На бульваре плешинами белел снег, деревья темнели сиво, голо, и по черному асфальту, по трамвайному пути и по середине бульвара бежали к Трубной площади люди. Зима кончалась, воздух был ледяной. И ледяной ветер гнал людей к Трубной. Говорили, что в Дом союзов, где лежал покойник, будут пускать с двух, но люди тянулись уже теперь. Антипов, наверное, побежал бы со всеми, то, что случилось, волновало его страшно, ледяная стынь пробирала до дрожи, но он не мог отойти от дома, ждал Ивана Владимировича, доктора, и от нетерпения вышел на улицу. Боялся, что Иван Владимирович заплутает, не найдет дом, а сутолока на улицах такова, что старик мог и вовсе не добраться сюда из Замоскворечья, где находилась больница. Центр, говорили, закрыт, в метро не пускают, ехать он мог только через Павелецкий и Таганку. Антипов еще надеялся утром, что удастся взять такси и, отвезя Степку к бабушке, то есть к матери, что сделать необходимо, он заедет в больницу и заберет Ивана Владимировича, но такси пропали, трамвай по Бульварному кольцу не ходил, пришлось бежать со Степкой на руках до Сретенки, оттуда на Покровку, где жила мать, и ровно к половине одиннадцатого, как договаривались, задыхаясь, едва не валясь с ног, страшась, что опоздал, Антипов примчался домой, однако не опоздал. Доктора не было и теперь, спустя два часа.

Антипов стоял на обледенелом тротуаре, слушал говор людей, шедших быстрым шагом группами и поодиночке к Трубной – некоторые шли шеренгами, взявшись за руки, как на демонстрации. Лица одних были скорбны, значительны, даже торжественны, другие были заплаканы, третьи мрачны, иные громко разговаривали, на них шикали, – где-то слышался смех, где-то рыданья, мальчишки шныряли в толпе, во всех чувствовалось то, что испытывал Антипов, какое-то темное полубезумие, охватившее всех как хмель, – и думал о том, что люди, которые будут жить через сто лет, никогда не поймут нашей душевной дрожи в тот ледяной март и того, что в такой день можно нервничать из-за такси, из-за того, что доктор опаздывает, сын капризничает, мать спрашивает подозрительно: «С чего это взялись натирать полы?»
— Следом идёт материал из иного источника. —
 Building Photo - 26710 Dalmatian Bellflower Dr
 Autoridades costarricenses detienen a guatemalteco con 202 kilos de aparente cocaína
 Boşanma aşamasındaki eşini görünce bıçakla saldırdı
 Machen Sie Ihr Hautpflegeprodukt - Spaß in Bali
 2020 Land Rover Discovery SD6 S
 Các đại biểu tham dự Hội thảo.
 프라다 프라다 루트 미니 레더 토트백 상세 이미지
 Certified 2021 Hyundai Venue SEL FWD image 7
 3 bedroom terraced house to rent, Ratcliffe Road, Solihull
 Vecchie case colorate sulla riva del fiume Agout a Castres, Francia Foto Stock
Антипов крикнул старухе Веретенниковой, чтобы она, если увидит высокого старика в длинном черном пальто, показала бы, как пройти в дом, ворота заколочены, надо обходить соседним двором; все это Антипов накануне разъяснил по телефону, но доктор был рассеян. Веретенникова кивнула квадратной, как у медведя, в черном кожаном треухе башкой. Она разговаривала редко, все больше кивала, мотала головой или же смотрела сурово, неодобрительно.

Антипов побежал наверх. Его беспокоила Таня, он знал, что она держится из последних сил, нет ничего хуже ожидания, тем более ожидания муки, а Таня – человек нехрабрый. Так и есть, лежала бледная, левую руку положив на сердце, всем видом вызывая жалость и сочувствие, смотрела остановившимся взглядом в потолок. И, когда Антипов влетел, не изменила позы, не отвела взгляда от потолка. Нет, никто не звонил. Какая-то катастрофа, что делать? Больница не отвечает.